A titre comparatif, il souligne qu’en 1960, il n’y avait que 1.068 candidats au Baccalauréat au Sénégal contre 157.000 en 2019. En 1960, il y avait 660 admis soit plus de 50% et cette année le taux d’admission se situe entre 35 et 40%. Ce qui veut dire à ses yeux qu’on est passé de la moitié en termes d’efficacité, au tiers. Cependant dit-il, il suffit de voir le nombre d’élèves et de candidats qui augmente pour comprendre qu’il y ait cette baisse d’efficacité. Parmi les facteurs bloquants, il cite l’environnement systémique, les programmes et la formation des enseignants. Il y a aussi les questions liées à la santé, à la nutrition et aux effectifs pléthoriques.
En effet, le système est passé de 20 à 40 élèves par classe à plus de 100 par classe. On est passé d’une éducation élitiste avec toutes les salles de classe en dur et en ciment avec tous les enseignants diplômés d’écoles de formation à une situation de massification et de démocratisation de l’éducation. En 1996 on était à 52% de taux de scolarisation contre 90% et c’est pourquoi cette impossibilité d’avoir partout des salles de classe bien construites et des enseignants bien formés. C’est ainsi qu’il y a eu ce recours au volontariat et au vacatariat et un tel système a favorisé l’introduction d’enseignants pas bien formés, mais aussi des abris provisoires, pour que les enfants soient dans le système.
«LA NORME INTERNATIONALE EST DE 900 H EN TERME DE QUANTUM HORAIRE, LE CAP DES 400 A ETE RAREMENT FRANCHI AU SENEGAL»

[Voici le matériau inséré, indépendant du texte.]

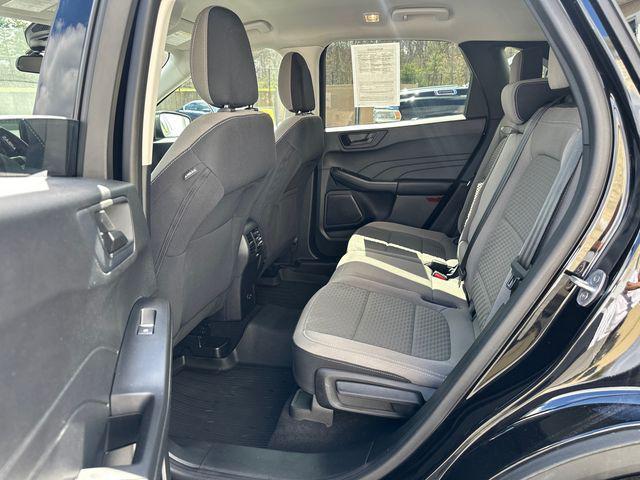 used 2022 Ford Escape car, priced at $27,347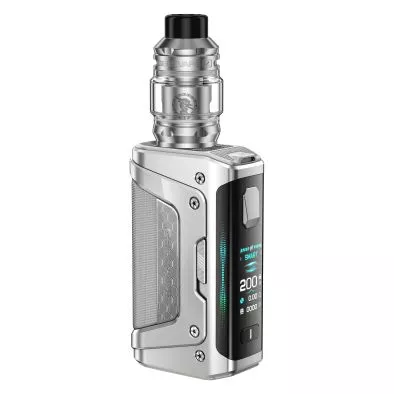 Kit Aegis Legend 5 - Geekvape 4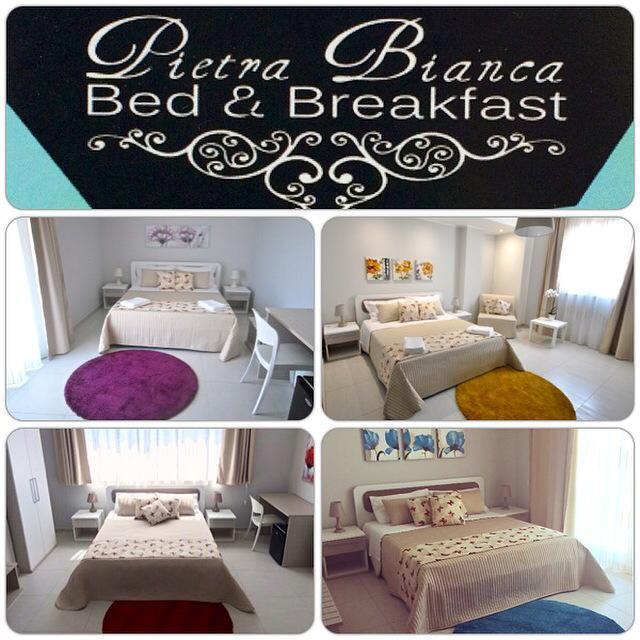 Bed & Breakfast Pietra Bianca *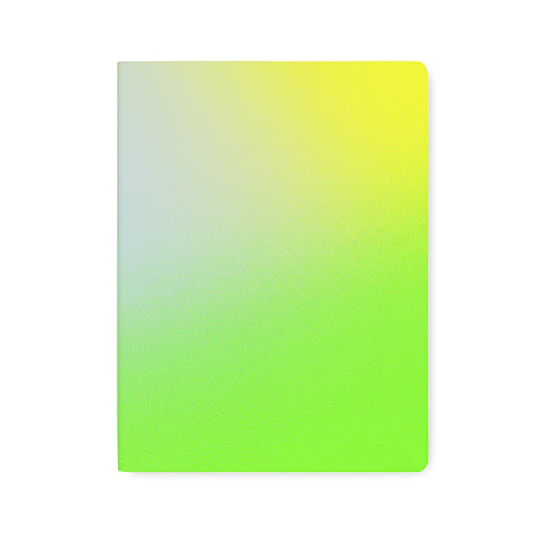 Nuuna Cuaderno Fresh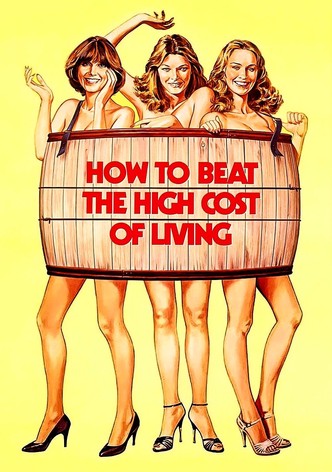 How to Beat the High Cost of Living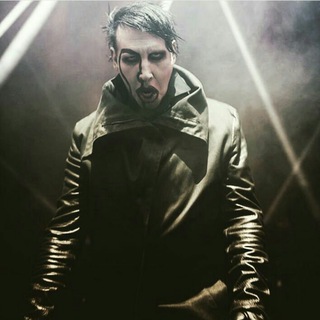 ‡ Marilynmanson persian ‡
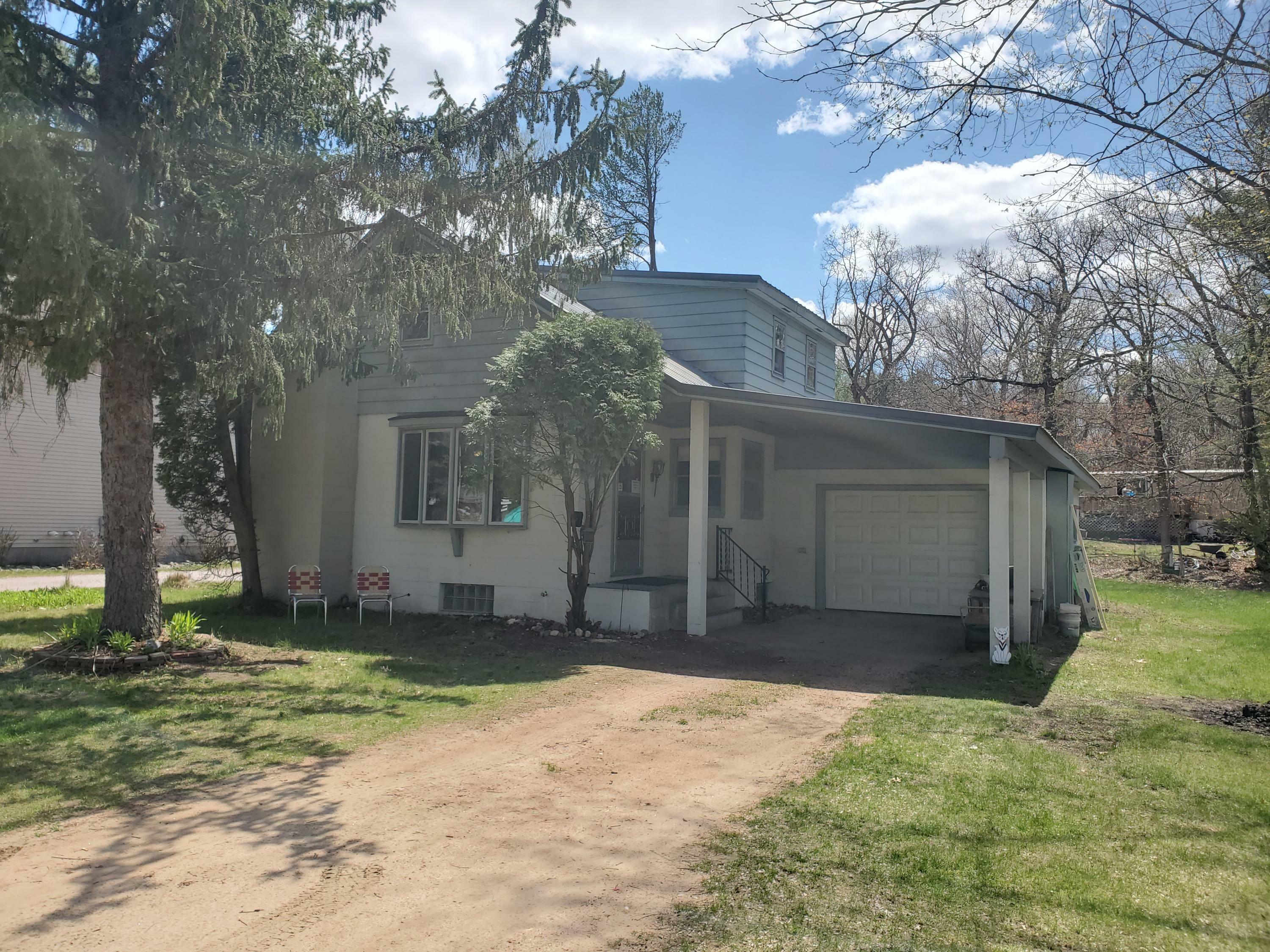 Property Photo:  1865 Lamprecht Rd  WI 53934 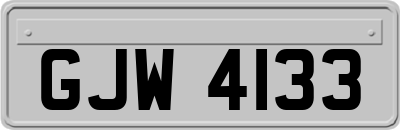 GJW4133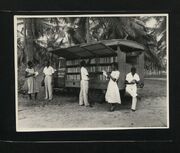 West African Mobile Libary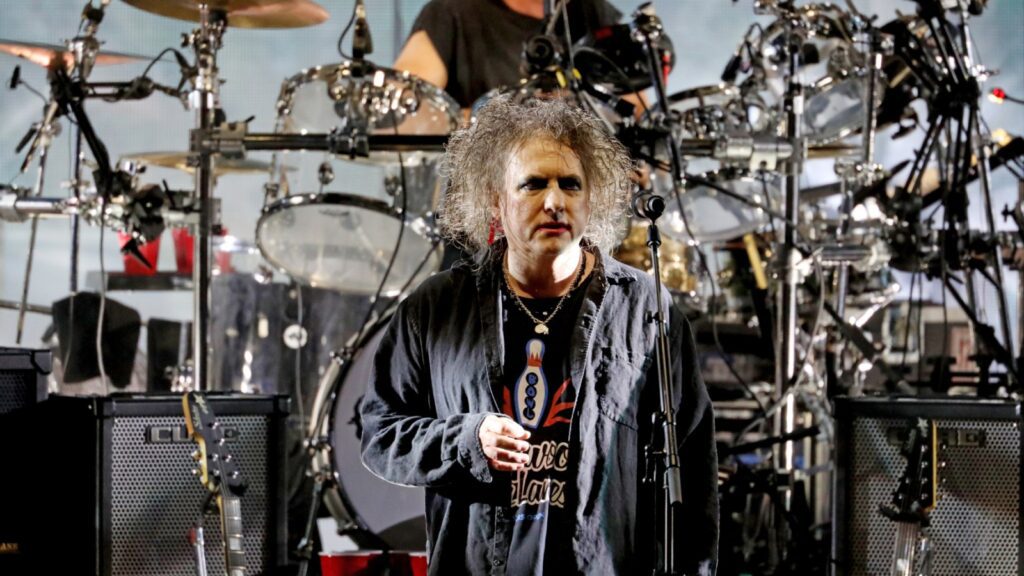 The Cure Call Out Artists Who Enable Ticketmaster Dynamic Pricing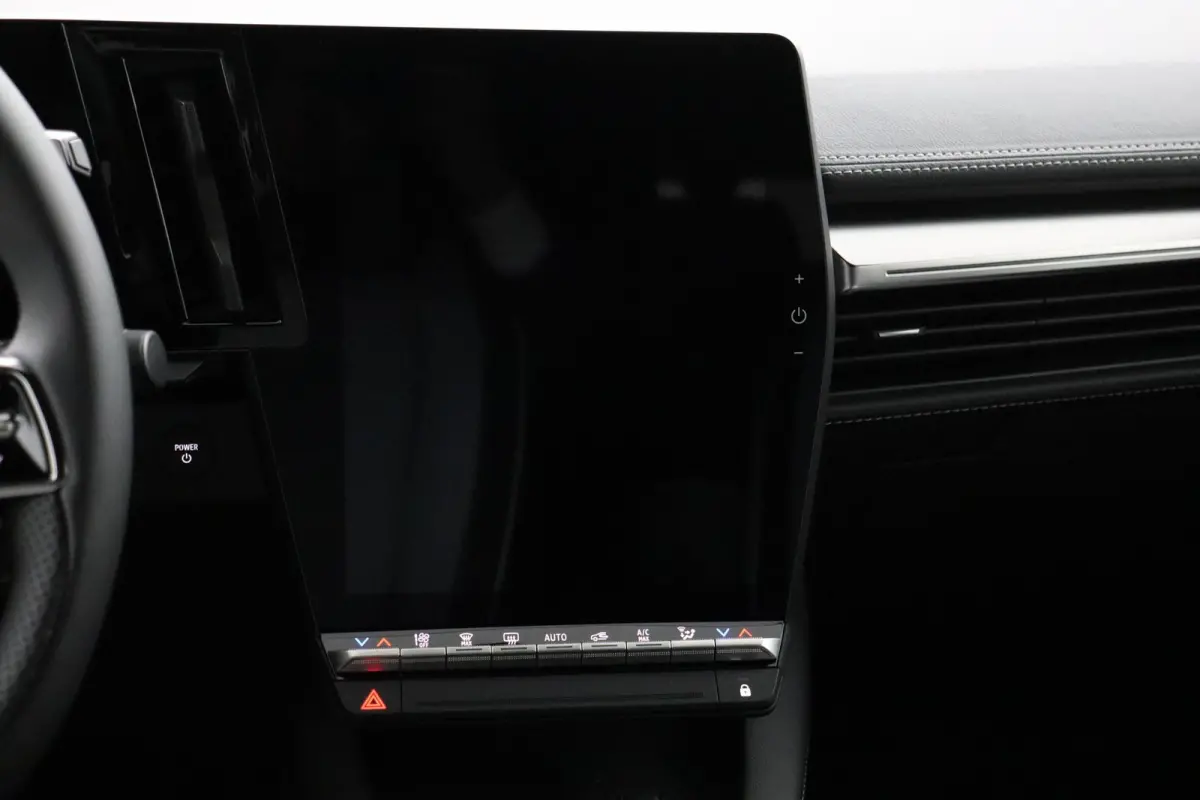 Intense+ 87 kWh | € 4.000 Korting! | 360° Camera | Adaptive Cruise Control | Climate Control | Elektrische Kofferklep | Google Navigatie | Parkeer Assistent | Stoel- en Stuurverwarming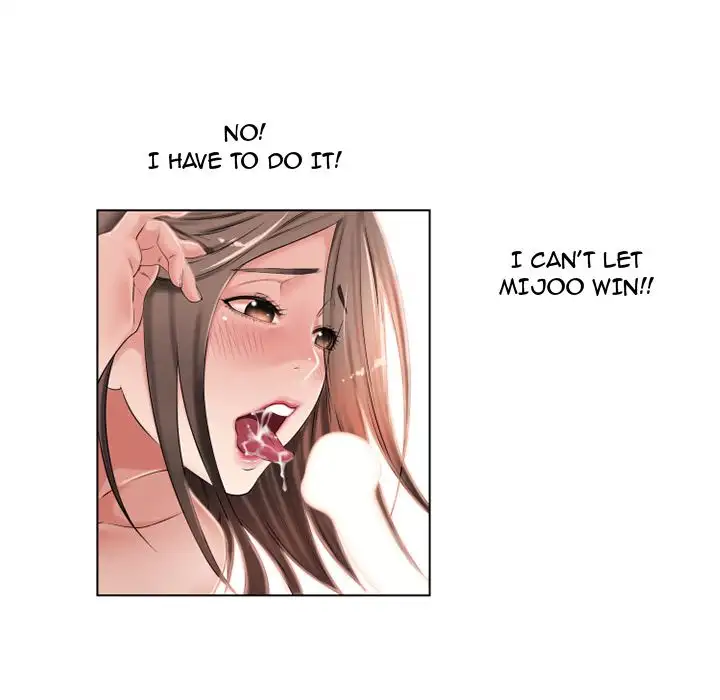 Wet Women chapter 45 page 83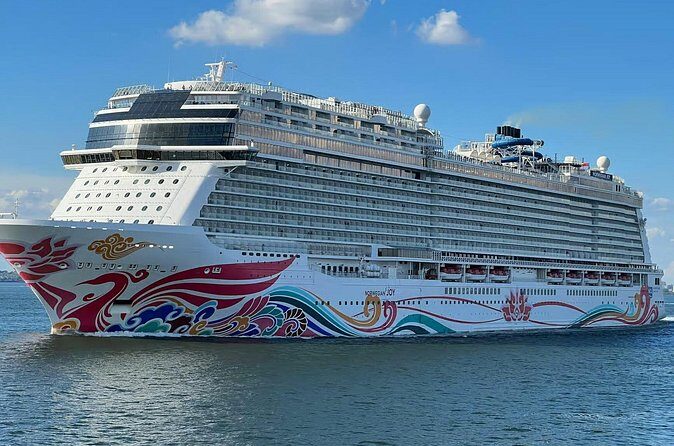 Cape Liberty Cruise Port to Manhattan or NYC Airport up to 14pax - Final Thoughts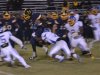 Football: Charles City at Franklin (1A East Regional Playoffs 1st Round) 11-11-2016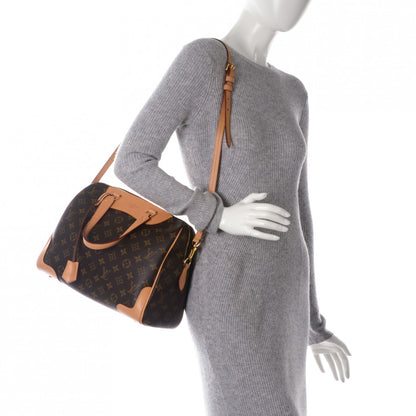 Louis Vuitton Monogram Retiro NM 2 of 7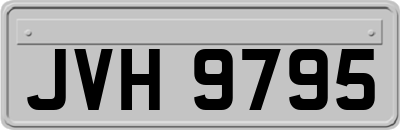 JVH9795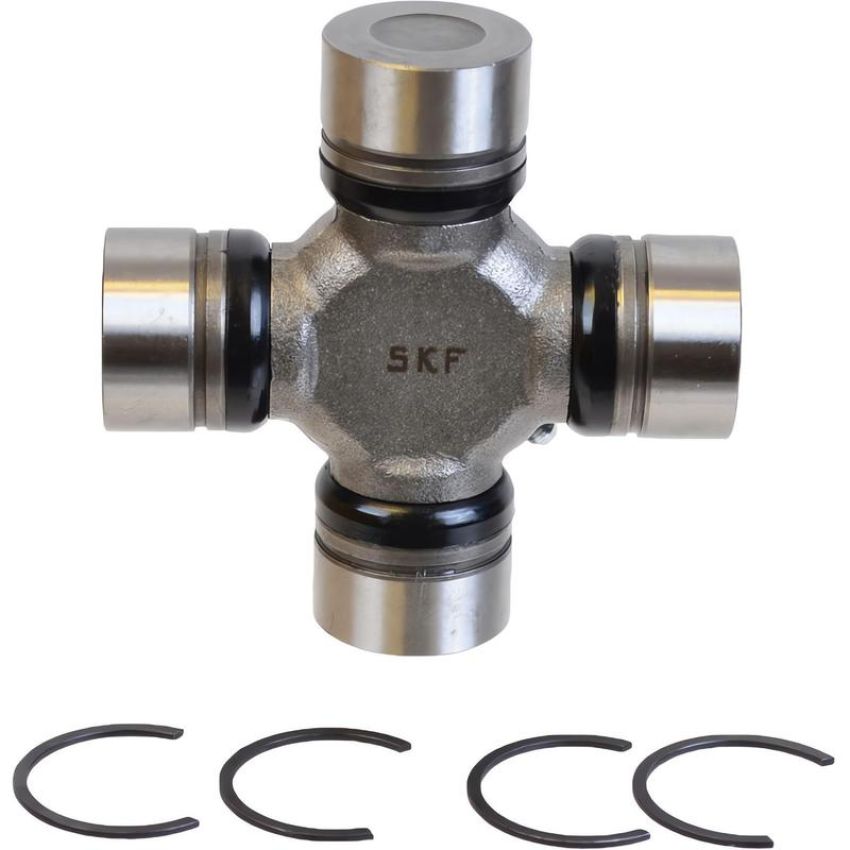 SKF UJ464 SKF U-Joint UJ464 For Dodge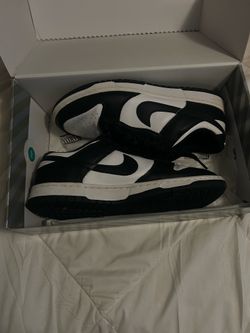 Panda Dunks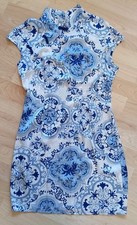 Shein kleid griechisches gebraucht kaufen  Hünfeld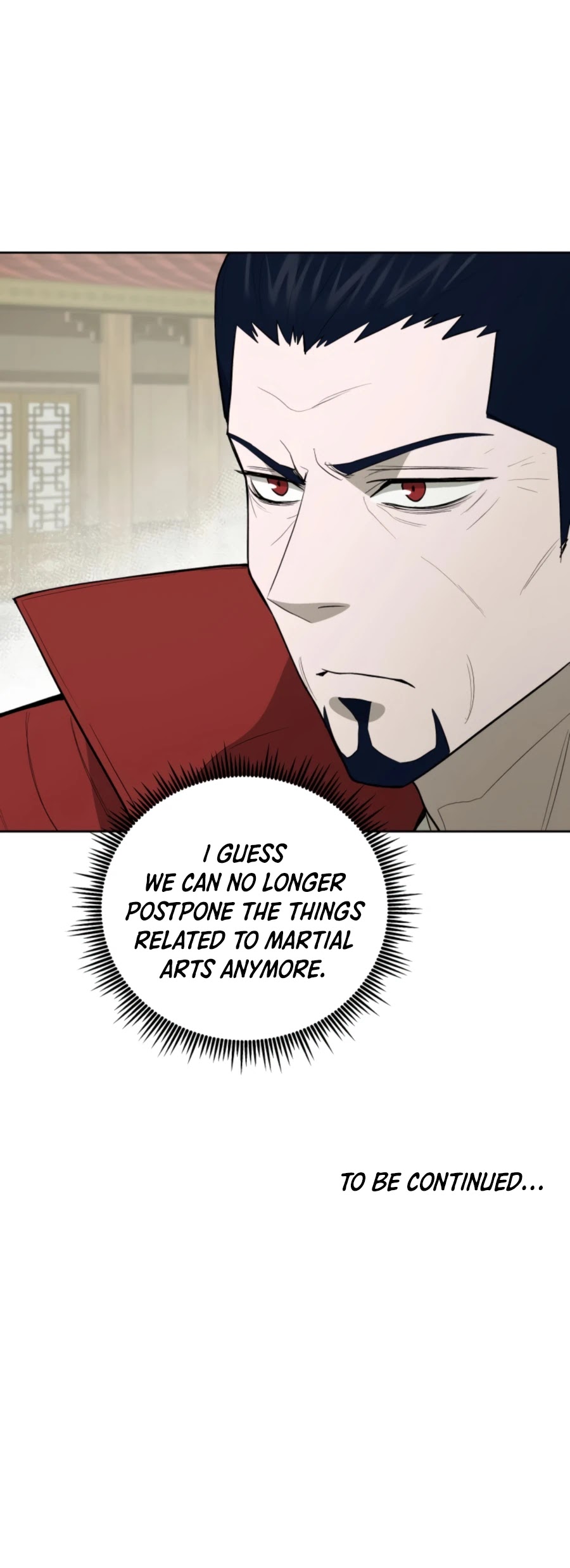 Gwanjeon: Kang Jin Lee Chapter 45 page 54 - Chapter 45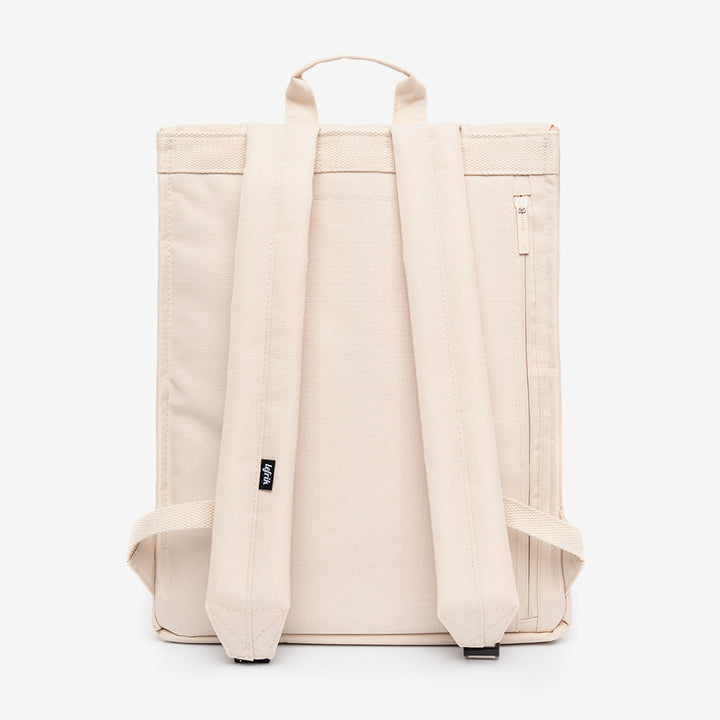 lefrik Handy Backpack Ecru Oferta especial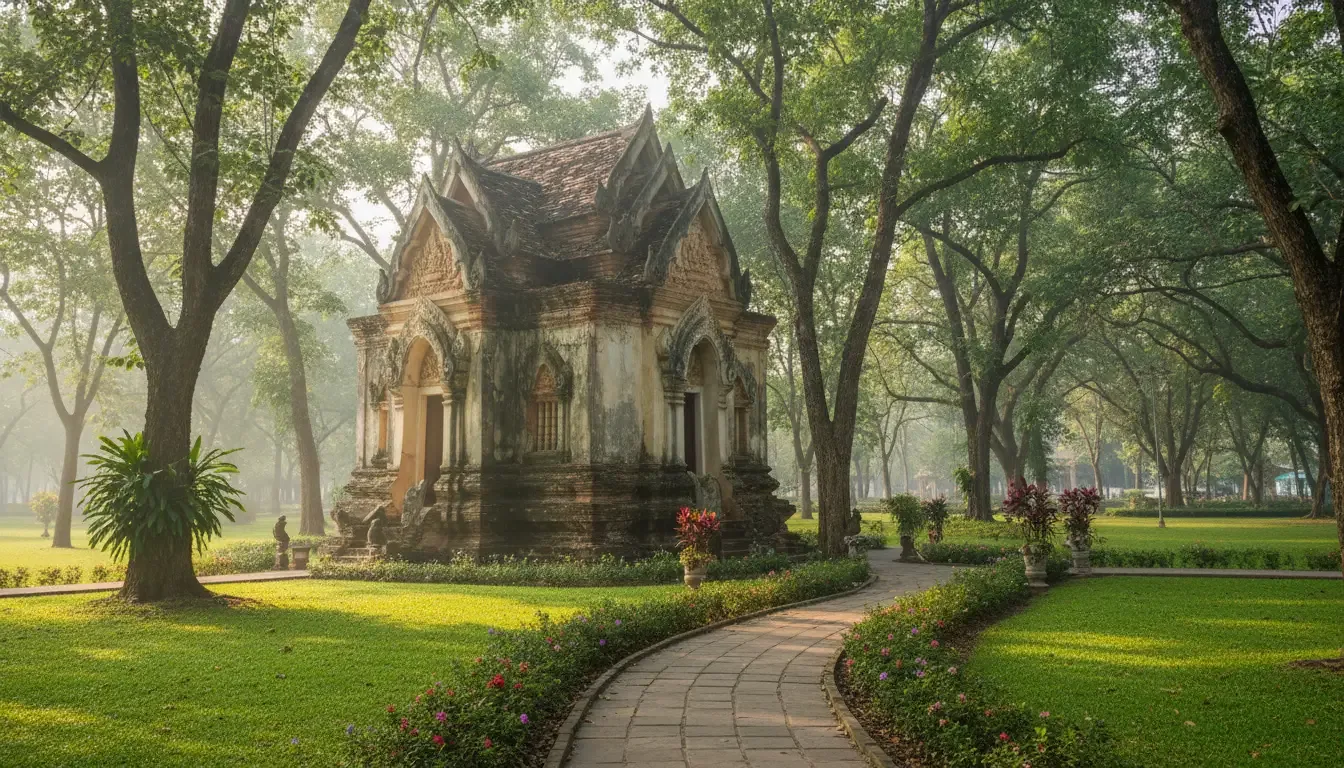 Ratchaburi, Thailand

Il y a eu ainsi ce phénomène d’enseignants moins chers et moins bien formés, avec également un environnement peu favorable. Ce qui a des conséquences sur la qualité. Kalidou Diallo souligne également qu’il y a eu une évolution très positive car en 1995 on recrutait des enseignants avec des diplômes requis, mais avec une formation de 3 semaines à un mois et ces enseignants percevaient des salaires mensuels de 50.000 Fcfa et ils n’avaient droit ni à une pension, ni à la promotion interne, encore moins à la sécurité sociale. C’est à partir de 1998 que le corps des maîtres contractuels et des professeurs contractuels a été créé, avec des salaires améliorés et une formation parfaitement assurée. Aujourd’hui, il n’y a dans le primaire aucun enseignant qui n’a pas un diplôme pédagogique et le niveau de recrutement a même été relevé au Baccalauréat et des dispositions sont mises en œuvre pour la disparition du corps des instituteurs adjoints pour qu’on ait des enseignants de niveau. Il a par ailleurs proposé qu’il y ait des professeurs d’école comme en France et un peu partout en Europe où le Professeur niveau licence choisit entre Prof dans le moyen secondaire ou dans le primaire. Selon lui, il y a une grande évolution en ce qui concerne la formation des enseignants au Sénégal. Pour Mamadou Diène Coordonnateur national de la FEER, la baisse de niveau est inquiétante et il urge que le gouvernement et les organisations syndicales se retrouvent autour de l’essentiel dans l’intérêt des enfants, du pays, du système éducatif, pour ne serait-ce que régler définitivement le problème du quantum scolaire. En effet dit-il, la norme internationale en matière de quantum scolaire est de 900 heures, mais au Sénégal rarement le cap des 400 heures a été franchi.